TASK DIRECTIONS: Nothing but the lines from the one holding "551 - A quantity" through the last line of the material below should be set down, exactly and without images.

EXERCISE DATA:
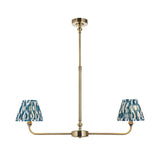 Endon Caldmere 2 light linear pendant in antique brass with two tapered pleated shades in marlin blue ikat print, on a plain white background.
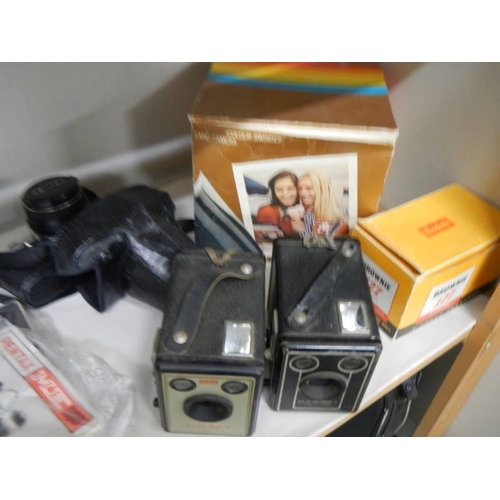 551 - A quantity of camera's and accessories.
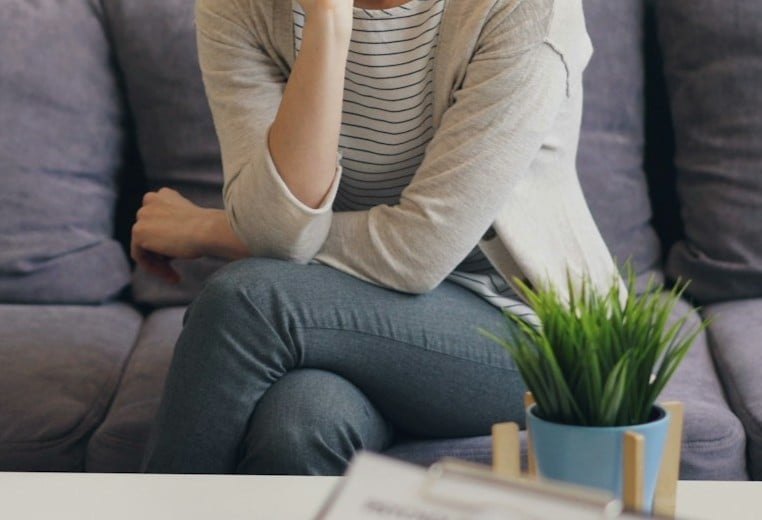 image of a woman sitting down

EXERCISE RESULT:
 551 - A quantity of camera's and accessories.
 image of a woman sitting down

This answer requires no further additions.